Five such shifts now stand out.

The first is the quiet death of the proxy era. For decades, Iran’s regional posture relied on indirection: Hezbollah in Lebanon, Houthis in Yemen, militias in Iraq, and allies elsewhere. Influence without formal accountability was the design. It suited adversaries too, allowing Washington and Israel to respond without escalation to outright war. But when strikes came in February—reportedly under the banner of “Operation Epic Fury”—Iran did not respond through shadows. It responded in daylight. Drones and ballistic missiles targeted bases, oil infrastructure, desalination facilities and cities across multiple देशों. The proxies did not disappear; they were supplemented. The result was not controlled escalation but immediate sprawl: from the Gulf to the Levant, from Cyprus to Turkey, even brushing the Caucasus. The lesson is as simple as it is unsettling: proxy wars were containable. Direct wars are not.

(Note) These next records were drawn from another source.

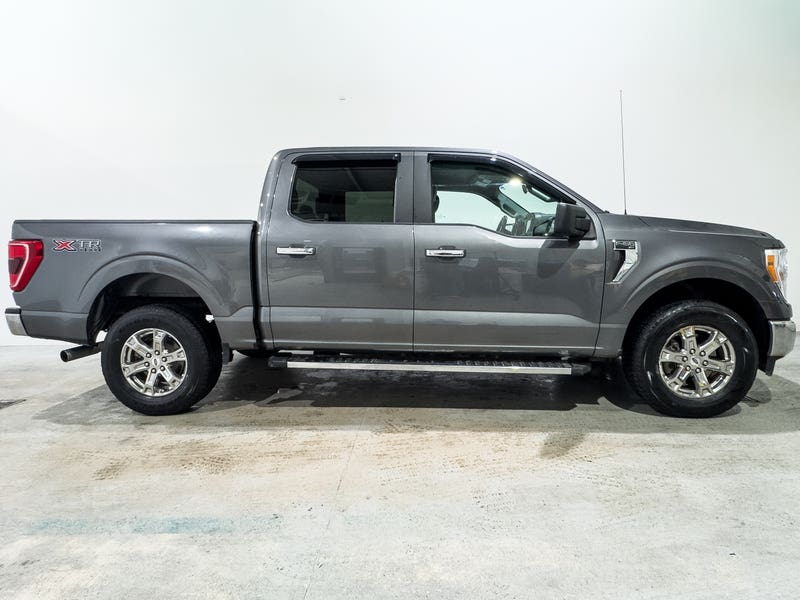 Vehicle photo 3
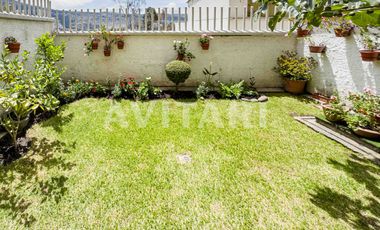 Venta Casa de Lujo en Caminos del Balcón – Ponceano Norte, Quito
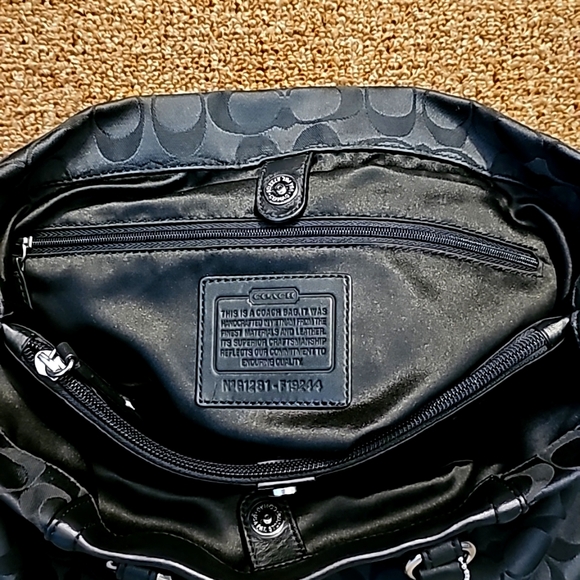 COACH Handbag - Picture 15 of 16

The second is that wars now end where they used to begin—in ambiguity. On the eve of the strikes, diplomacy had seemed within reach; negotiations were scheduled to resume within days. Instead, bombs fell. Now the process has inverted. A ceasefire exists, but only in language. Tankers still negotiate passage. Insurance premiums have replaced missiles as instruments of pressure. Iran’s political class questions the very premise of the truce, while Israel continues operations on other fronts. What is called peace is, in effect, repositioning. The real negotiations—on enrichment, sanctions, regional security—remain exactly where they were before the war began: unresolved. If anything, they are now harder.

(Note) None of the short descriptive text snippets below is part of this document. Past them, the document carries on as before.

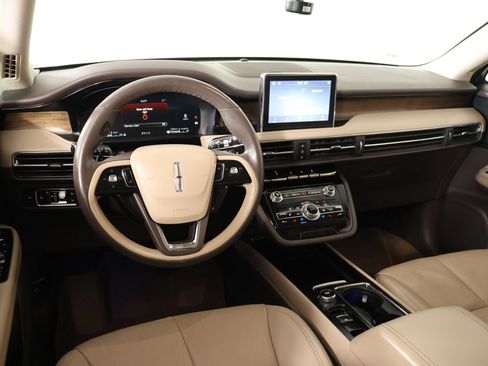 Used 2021 Lincoln Corsair Reserve w/ Elements Package FWD image 2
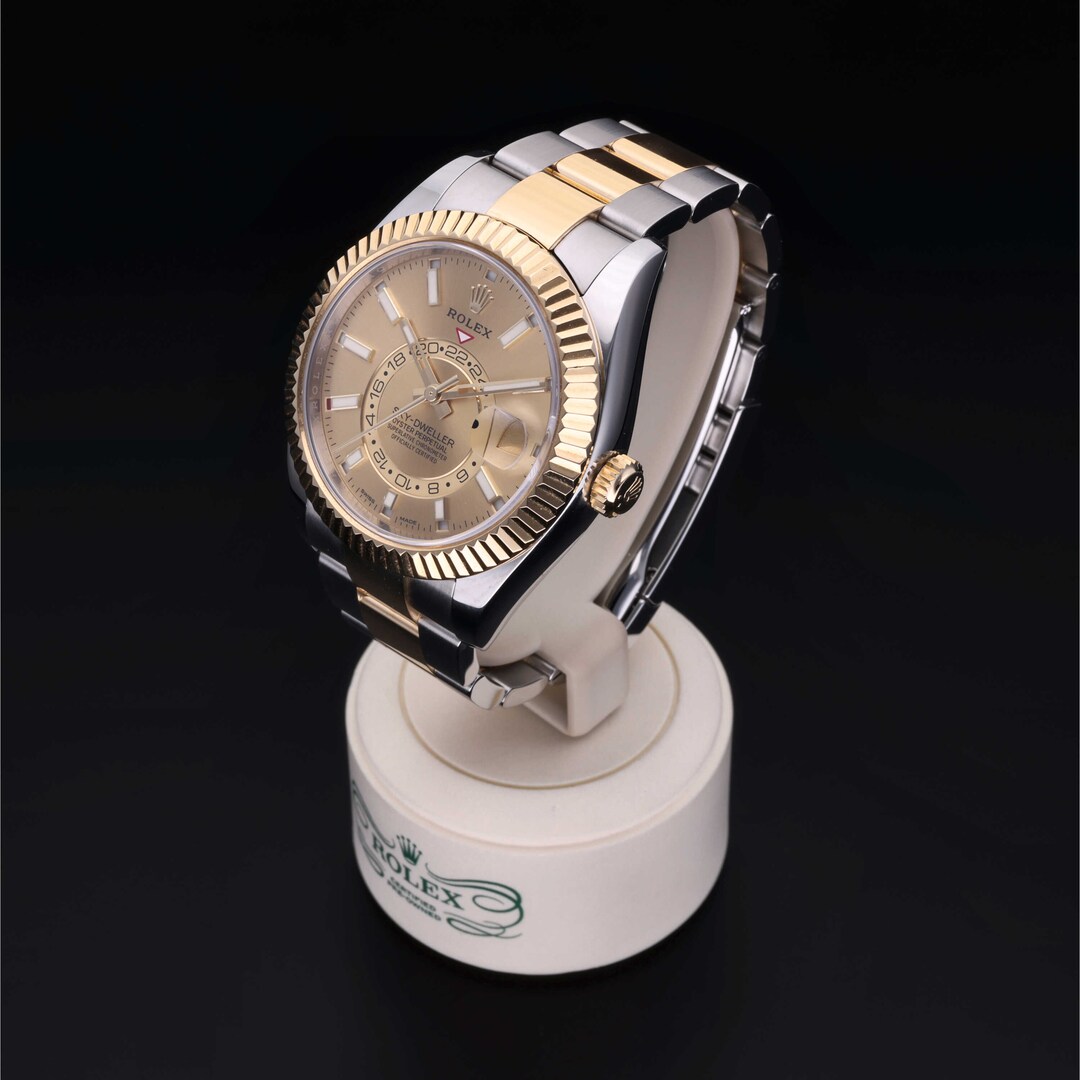 Rolex Rolex Certified Pre-Owned Sky-Dweller Rolex Rolex Certified Pre-Owned Sky-Dweller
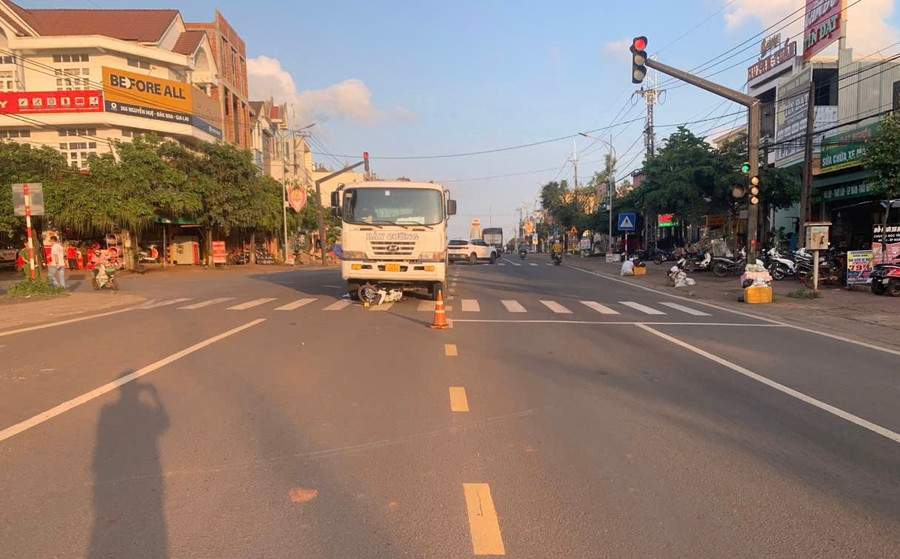 Hiện trường vụ tai nạn. Ảnh: Duy Hải hien-truong-vu-tai-nan-tren-quoc-lo-19-anh-duy-hai.jpg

The third is the return of geography, with a vengeance. For years, globalisation encouraged the belief that chokepoints had been diluted by diversification and redundancy. Two weeks in March disproved that. A 21-mile-wide passage at the mouth of the Gulf brought vast segments of the global economy to a halt. Energy markets convulsed; supply chains fractured; food security became an immediate concern across the Gulf. Geography, it turns out, was not transcended. It was merely ignored. Iran’s position astride Hormuz is not a diplomatic variable. It is a physical fact—one that markets now price with brutal clarity.

The fourth is that small states, once again, bore the greatest burden. Gulf countries did not choose to be frontlines; they became them by hosting infrastructure designed for deterrence in peacetime. When war came, those installations became targets. Missile interceptors were depleted at alarming rates. Critical infrastructure burned. Food prices surged. Water systems—dependent on desalination—were threatened. Elsewhere, Lebanon, already hollowed out by years of crisis, was drawn into a conflict it could scarcely absorb. The pattern is old; the scale is new. In wars between larger powers, smaller states do not merely suffer collateral damage. They become the battlefield.

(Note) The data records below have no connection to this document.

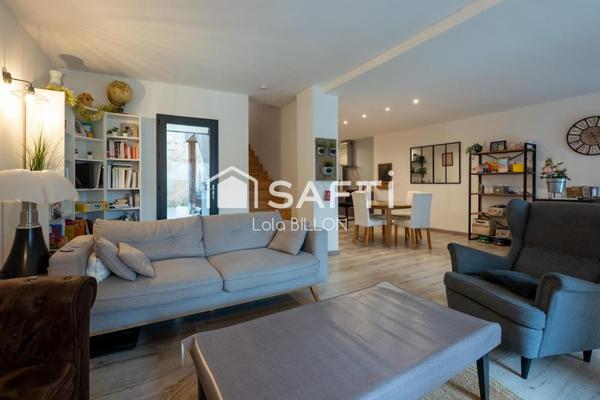 Maison de 124,5 m² avec patio et stationnement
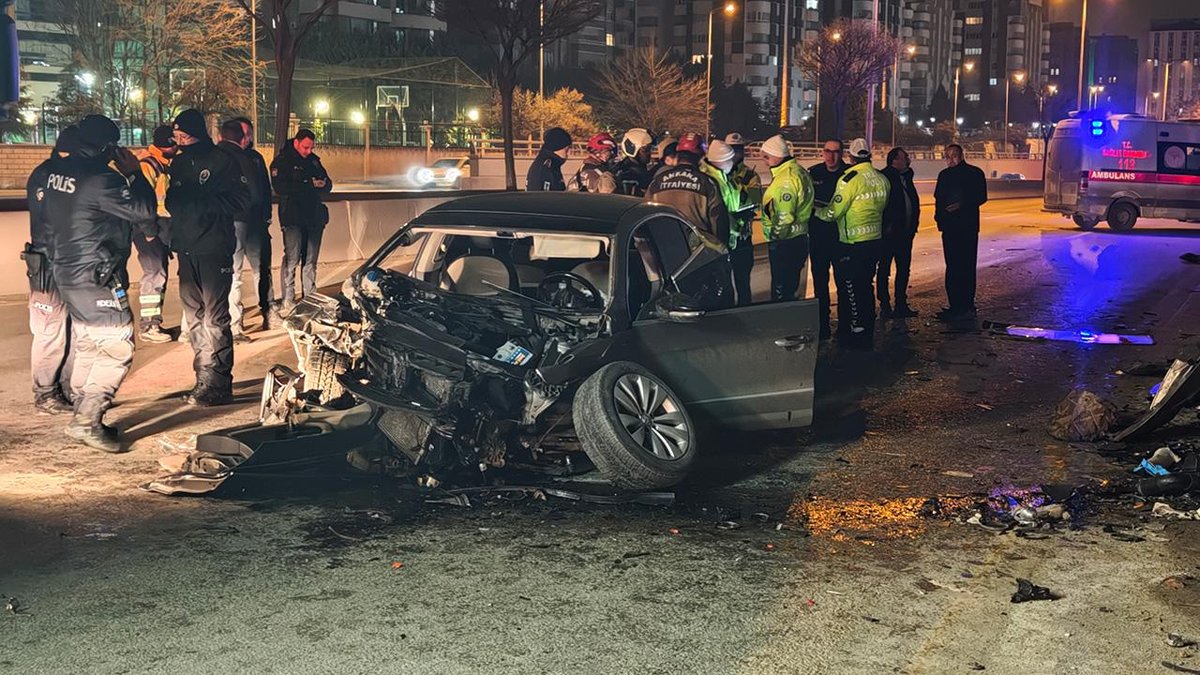 Otomobil bariyerin ardından minibüse çarptı: Bir kişi hayatını kaybetti, iki kişi yaralandı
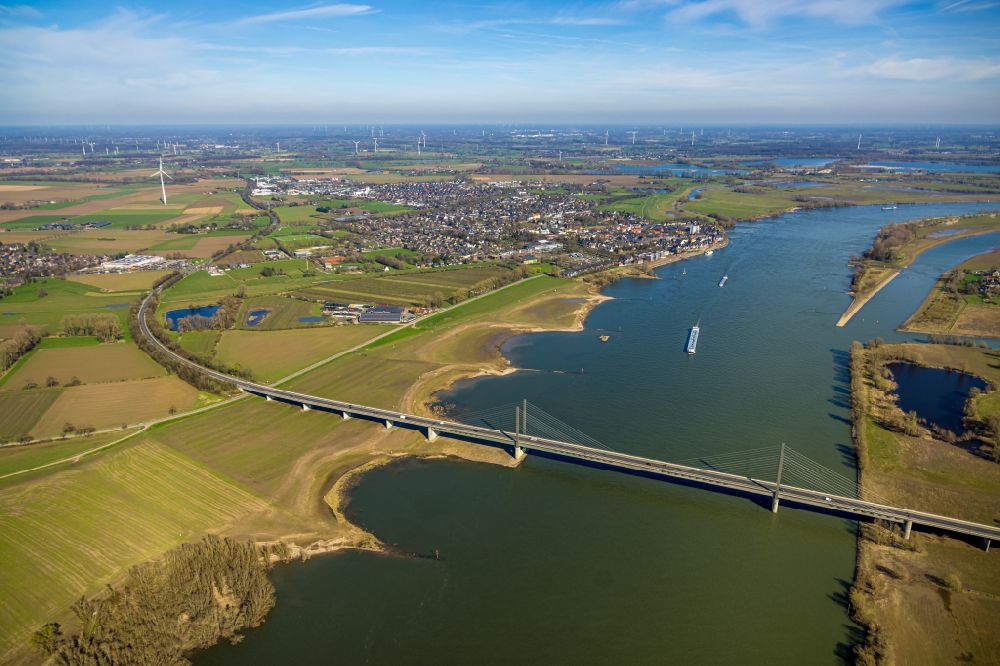 Rees aus der Vogelperspektive: Rheinbrücke der Bundesstraße B67 in Rees im Bundesland Nordrhein-Westfalen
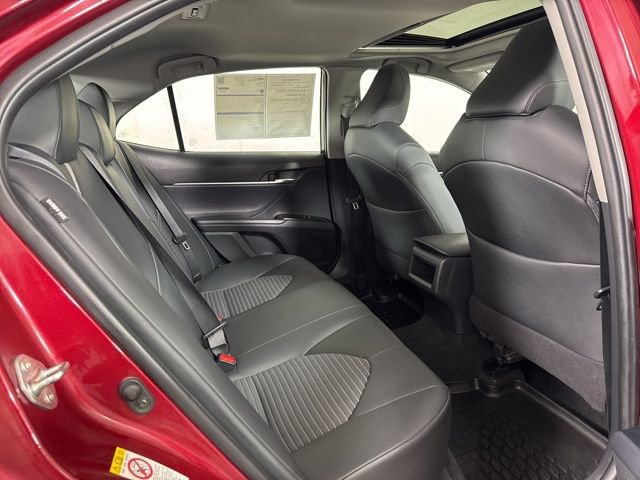Used 2018 Toyota Camry SE w/ Moonroof Package image 9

The fifth is that the diplomatic map has shifted in ways that would have seemed improbable not long ago. The ceasefire was not brokered in Washington or Geneva, but in Islamabad. Pakistan—long peripheral to such high diplomacy—found itself mediating between adversaries amid active conflict. Meanwhile, China urged restraint while safeguarding its energy interests, India watched carefully while balancing competing commitments, and countries such as Brazil and South Africa emphasised humanitarian concerns without choosing sides. The so-called “Global South” did not seek this role. It acquired it by necessity. Great-power wars are no longer settled solely by great powers.

Where does this leave the region? In a familiar but more dangerous place. The ceasefire is holding, technically. The disagreements that produced the war remain intact. Iran retains both capability and incentive to resume pressure. Israel continues to act on parallel fronts. The United States faces the perennial dilemma of escalation versus restraint, complicated now by a more sceptical domestic audience and a more fragmented international one.

The next phase, if it comes, will be faster. Markets have learned how quickly a chokepoint can close. Gulf states have fewer interceptors than they did before. Diplomatic channels, though expanded, are more crowded and less coherent. The war did not resolve these contradictions. It clarified them.

That may be its most enduring legacy.